Over the last few days there has been a really stir over Jason Calacanis‘s “Fire non Workaholics” statement. While he has updated the words in his post (completely I disagree with his first version) I feel the bottom line message is still there. Jason wants his employees to be engaged and committed with him on the journey of his company, what CEO wouldn’t? But a large majority of employees will not be fully engaged or committed to a company without a reason. As a CEO, manager or leader you need to provide the right environment.
So here are five ways to engage your employees:-
- Show you care about them as a person, take 5 minutes each day to get to know one of your employees. You need to understand them, their struggles, frustrations and desires both professionally and personally.
- Invite them to join you and your organisation in doing something meaningful.
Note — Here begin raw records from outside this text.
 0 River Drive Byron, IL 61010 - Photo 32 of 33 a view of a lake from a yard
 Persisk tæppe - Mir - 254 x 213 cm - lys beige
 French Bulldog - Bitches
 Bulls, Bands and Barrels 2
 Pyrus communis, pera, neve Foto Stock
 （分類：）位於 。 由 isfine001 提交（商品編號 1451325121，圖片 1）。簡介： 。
- Once you have invited them to something meaningful make sure you provide individuals goals. But not just any goals, sexy goals! They need be a driving force, give your employees chills down their spine when they talk or think about them. Your employees need to be able to deeply connect to their goals.
- Ensure timely recognition of performance, not just at an annual performance review. Send a quick handwritten note to someone who has delivered, not just above & beyond, or who has had a hard day.
- Provide your employees with extra responsibilities, allow them to grow and explore new areas of personal and professional growth. This is easy if you have completed step 1.
Once you have engaged employees then they will be fired up about your organisation and its goals. They might even act as workaholics for a period of time. But ensure this is balanced so they do not burn out, otherwise they will then disengage. By the way if you have completed step 1 above you won’t let them burn out because you will see and treat them as people, not machines.
Finally to quote Sir Richard Branson:-
“Loyal employees in a company create loyal customers, who in turn create happy shareholders. The process sounds easy but it’s not, and it has defeated some of the bigger organisations of the twentieth century.”